Mistakes to avoid when doing push ups
My biggest concern when people start exercising by themselves is the risk of injury. That is why all my plans have, not only video, but also descriptions of the movement, as it is quite easy to think we are doing it right just by trying to repeat what we see. If you are forced to think of how you should move your body, you will more likely do it well.
And that is also why I like to include this mistakes sections. I hope that by looking at the issues it alerts you to control better and avoid the following:
- Placing the arms to wide apart: doing so puts a lot of unnecessary pressure on your shoulders and focus also a lot on the chest muscles, limiting the aid the triceps give to the movement.
- Body not aligned: when your butt is too far down or too high it means you are not using well your abs, not providing stability to your body (and in the first case, there is the risk of hurting your back). Part of the beauty of the push-up is that we can work a set of different muscles with only one exercise – but only if we do it right.

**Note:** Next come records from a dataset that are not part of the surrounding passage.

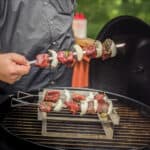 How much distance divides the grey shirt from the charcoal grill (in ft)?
1.38

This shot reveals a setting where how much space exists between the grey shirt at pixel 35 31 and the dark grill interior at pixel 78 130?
0.43 metres

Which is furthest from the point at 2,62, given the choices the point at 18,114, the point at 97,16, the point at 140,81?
the point at 97,16

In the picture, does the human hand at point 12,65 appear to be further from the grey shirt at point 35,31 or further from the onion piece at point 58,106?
the grey shirt at point 35,31

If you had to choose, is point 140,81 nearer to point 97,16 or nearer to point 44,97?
point 44,97

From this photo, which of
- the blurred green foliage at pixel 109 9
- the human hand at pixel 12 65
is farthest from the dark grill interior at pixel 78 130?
the blurred green foliage at pixel 109 9

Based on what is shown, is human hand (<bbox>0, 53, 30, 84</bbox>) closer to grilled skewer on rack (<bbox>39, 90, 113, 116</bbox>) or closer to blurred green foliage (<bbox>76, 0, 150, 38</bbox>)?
grilled skewer on rack (<bbox>39, 90, 113, 116</bbox>)

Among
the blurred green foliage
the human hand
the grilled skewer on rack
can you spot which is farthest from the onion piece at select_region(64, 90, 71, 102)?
the blurred green foliage

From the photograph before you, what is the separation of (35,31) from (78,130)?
0.76 metres

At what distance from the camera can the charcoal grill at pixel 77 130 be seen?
1626 millimetres

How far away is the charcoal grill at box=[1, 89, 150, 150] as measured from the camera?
5.33 ft

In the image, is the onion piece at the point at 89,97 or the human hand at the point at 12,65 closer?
the human hand at the point at 12,65

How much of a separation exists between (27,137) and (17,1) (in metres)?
0.87

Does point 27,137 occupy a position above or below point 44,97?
below

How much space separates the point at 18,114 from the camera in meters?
1.89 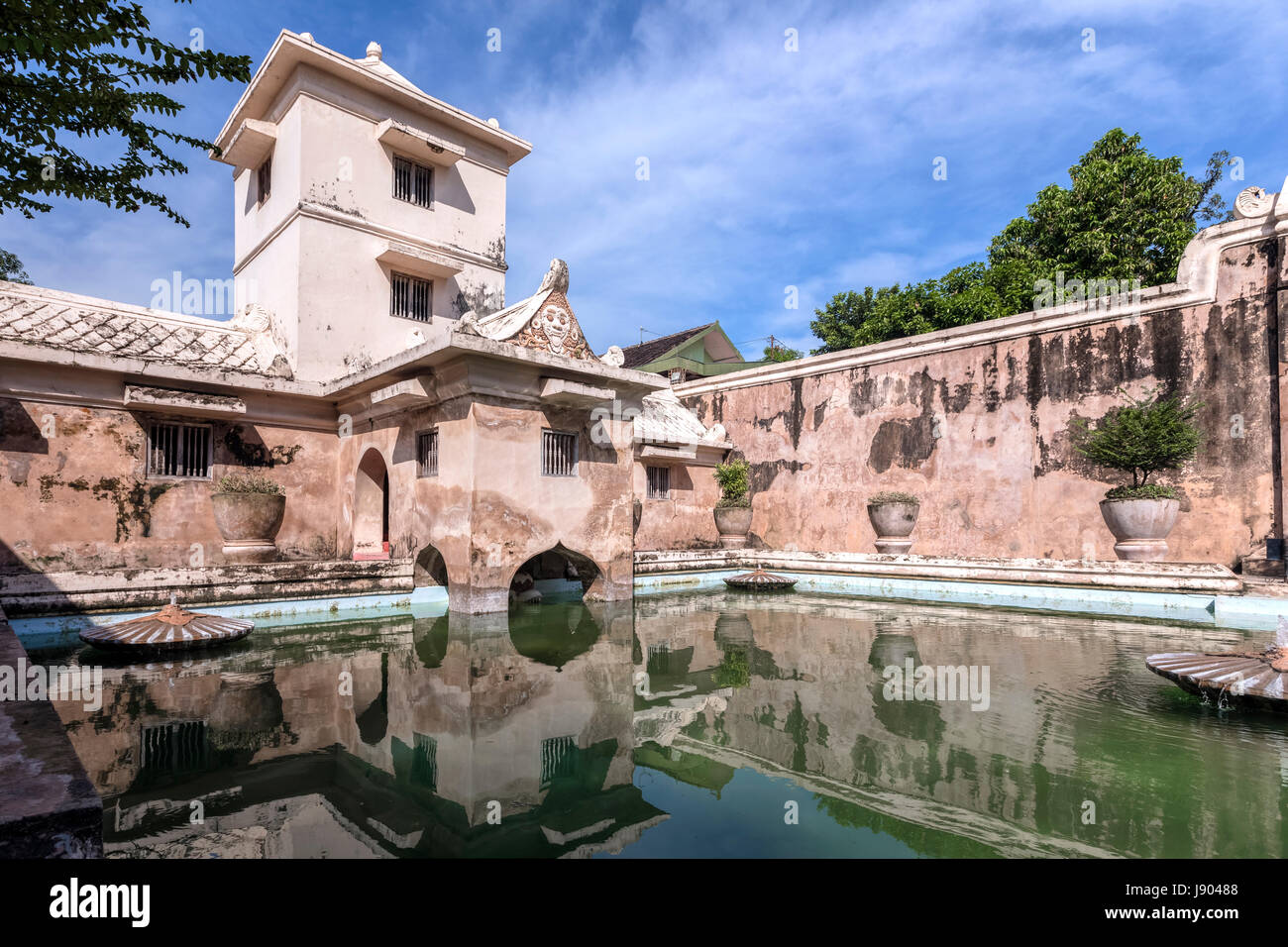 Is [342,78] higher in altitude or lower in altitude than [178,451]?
higher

- Not extending the arms and not going down enough: in this case there is not a question of possible injury, but more on not getting all you can from the movement – you should aim to use your body to its optimal range of motion. It is very common when the person does not yet have the strength to do well the push-up. If that is your case, I recommend you opt to use one of the variations above until you have the strength to go into the normal push-up.